Sony’s hit kidpic RV continued to hold up well slipping only 21% in its sixth weekend to an estimated $3.3M. The Robin Williams film has taken in $61.8M to date. Lionsgate witnessed a surprisingly strong hold for its horror entry See No Evil which dipped 26% and grossed an estimated $2M. Total stands at $12.4M.
Proving that it is more than just a blue-state hit, Al Gore‘s global warming documentary An Inconvenient Truth expanded into major markets and hit the top ten grossing an estimated $1.3M from only 77 theaters. The Paramount Vantage release averaged a stunning $17,299 over the weekend and raised its cume to $1.9M after bowing last week in just four theaters in New York and Los Angeles. This Friday, Truth widens to the Top 25 markets with about 150 total theaters before going national on June 16 in 450-600 locations.
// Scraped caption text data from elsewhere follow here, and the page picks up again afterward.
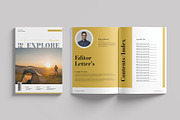 Travel Magazine Template, a Magazine Template by Cleffon_Graphic_Studio (Thumbnail 2 of 11)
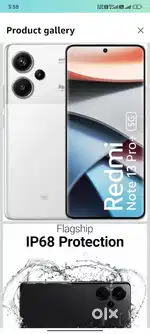 Redmi note 13 pro plus white colour 8/256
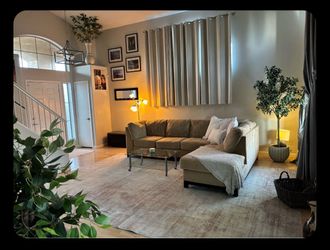 Ashley Furniture Sectional Sofa with Chaise – $450 OBO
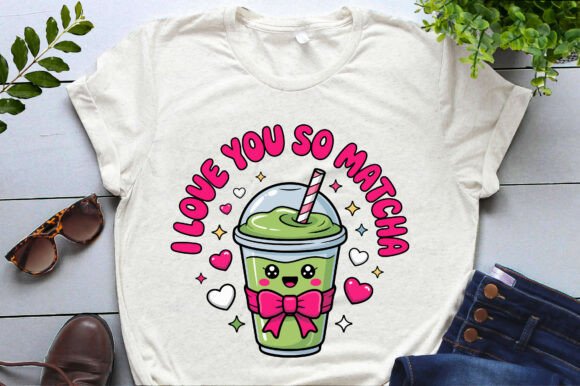 Love You So Matcha Valentine’s Day Graphics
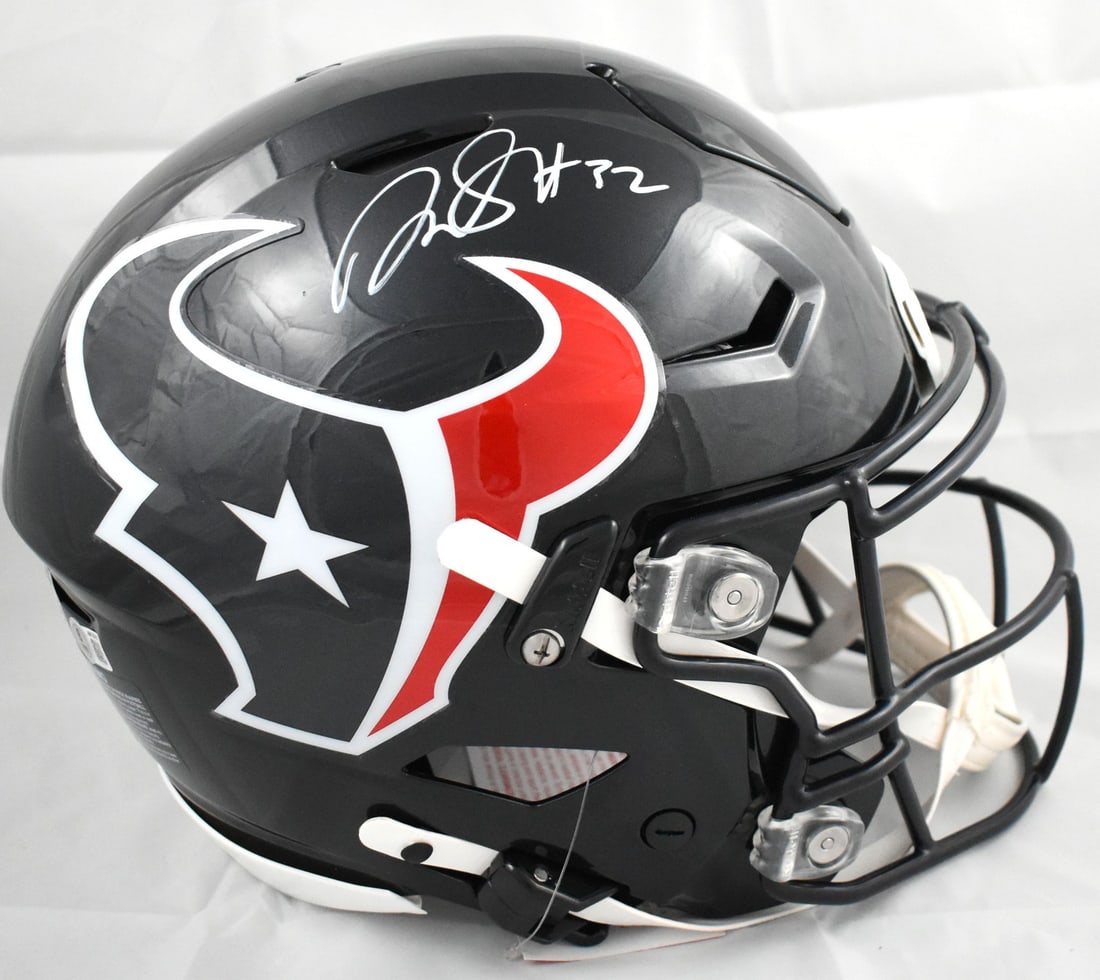 Houston Texans SpeedFlex helmet signed by David Montgomery Beckett holo (1 of 6)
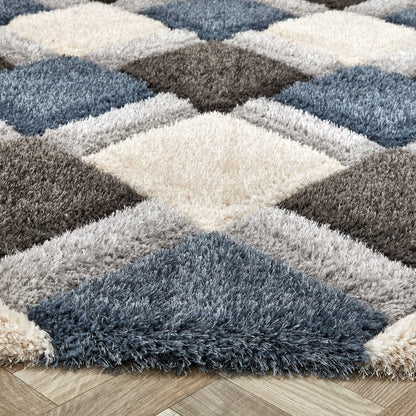 Origins 3D Geo Shaggy Rug rugs RUGS_and_MORE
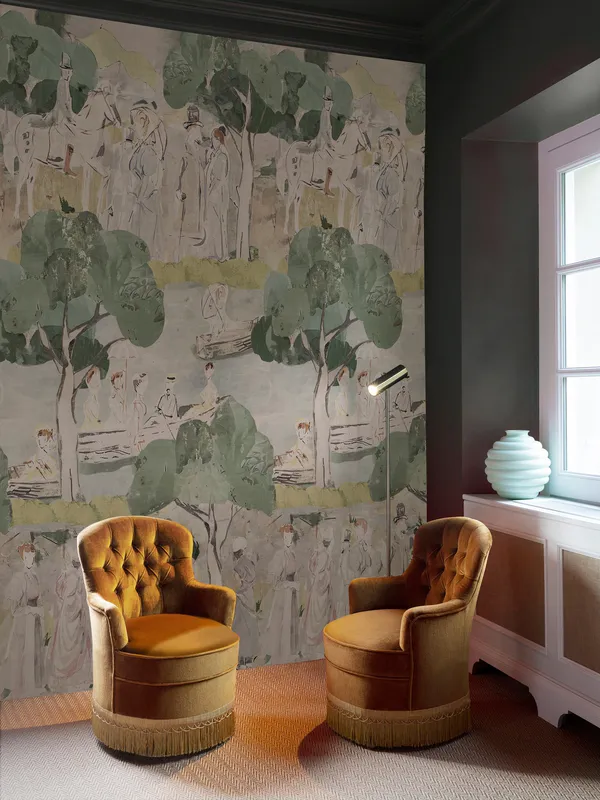 Papiers-peints, MASUREEL, Papier Peint Collection Romance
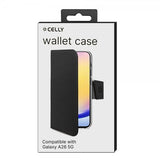Celly Samsung Galaxy A26 Etui Wally Wallet Case Svart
The PG-rated film has quickly nabbed the title of must-see summer doc this year and hopes to follow in the footsteps of last year’s March of the Penguins and 2004’s Fahrenheit 9/11 as non-fiction films that crossed over to become pop culture events. Those films rank as the top-grossing documentaries ever with $77.4M and $119.2M, respectively. This weekend, the former Vice President’s environmental pic became the first film of the year to enter the top ten while playing in fewer than 200 theaters.
Break-Up and Inconvenient Truth bumped two spring films out of the top ten. Universal’s controversial 9/11 thriller United 93 dropped 43% to an estimated $464,000 after spending five weeks in the top ten. The $15M film has grossed $30.6M to date and should collect a bit more before ending its theatrical run. Fox’s animated sequel Ice Age: The Meltdown has spent eight of its ten weekends in the top ten and is now headed for the finish line grossing over $191M to date. The PG-rated hit remains the top-grossing film of 2006 thus far and has unearthed more than $625M worldwide.
Opening this weekend in limited release was the Lionsgate sports drama Peaceful Warrior which took in an estimated $77,000 from ten sites for a solid $7,700 average. Also debuting, but with weaker results, was the Korean action film Typhoon with an estimated $48,000 from 24 theaters. The Paramount Vantage release attacked nine markets and averaged a dull $2,009.
The top ten films grossed an estimated $127.9M which was up 2% from last year when Madagascar climbed into the number one spot with $28.1M; but down 30% from 2004 when Harry Potter and the Prisoner of Azkaban opened in the top slot with a June record $93.7M.